One woman from Kansas, born in the 1890s, once asked her mother about a photograph of her older siblings. Her mother explained that they had had it taken just after a classmate of one sibling had come down with the whooping cough, just in case. (They did get it, but they managed to all survive.)
During World War II, some women served as "flight nurses." They flew in on planes and then flew out the wounded men, keeping them alive. Because the planes were also used to carry troops, they could not bear the Red Cross. Flight nurses got regularly scheduled R&R breaks.
Peasants that opened up new farmland in medieval Europe were freed from serfdom when they did it. They still had duties to the lord -- such as using his ovens, his mill, his wine press -- but those were carefully distinguished from those that denoted servile status.

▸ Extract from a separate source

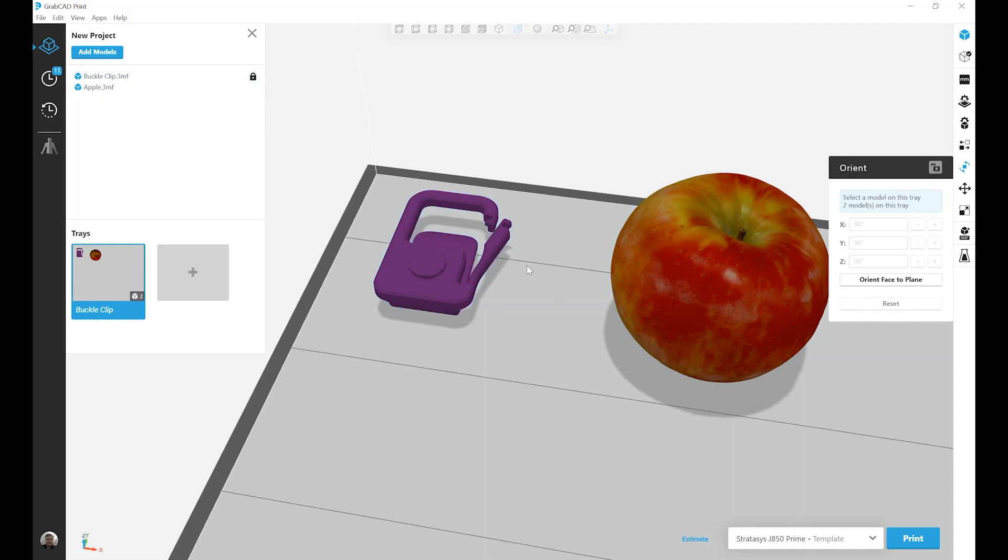If I were going to hit Arrange This Tray with the optimize button engaged, it would allow for the apple to change orientation, but it would keep the orientation I've selected for the buckle clip.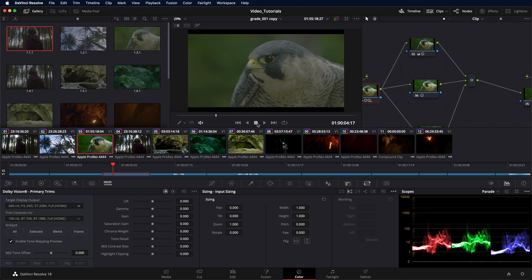Please note that you need to run the analysis again if you change the HDR grade or edit point. Therefore, we recommend that you first lock and approve the HDR grade before running the Dolby Vision analysis.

Extension work from the agricultural universities of the day was very big in the early twenth century in the United States, with trains and the like used to demonstrate such things as techniques to preserve milk and eggs on the way to market. Home extension clubs were considered synonmous to canning, particularly since the warm bath method of canning had just been invented and allowed canning so many more items.
Around King John's time, grants of wardships started to specify that the ward could not be disparged -- that is to say, the guardian could not arrange a marriage to a person of lower status.
The census of 1920 produced much consternation in the United States: urban residents outnumbered rural ones.
Just before the American Revolution, many women were urged not to wear even old clothing of British cloth -- to set a good example. A nine-year-old girl who was given a cup of tea by a governor and threw it out the window was held up as a exemplar.
The Dutch famine during 1944 resulted in the discovery that wheat caused celiac disease; a ward of children recovered from the lack of wheat, and relapsed immediately when the first available wheat was used to feed them.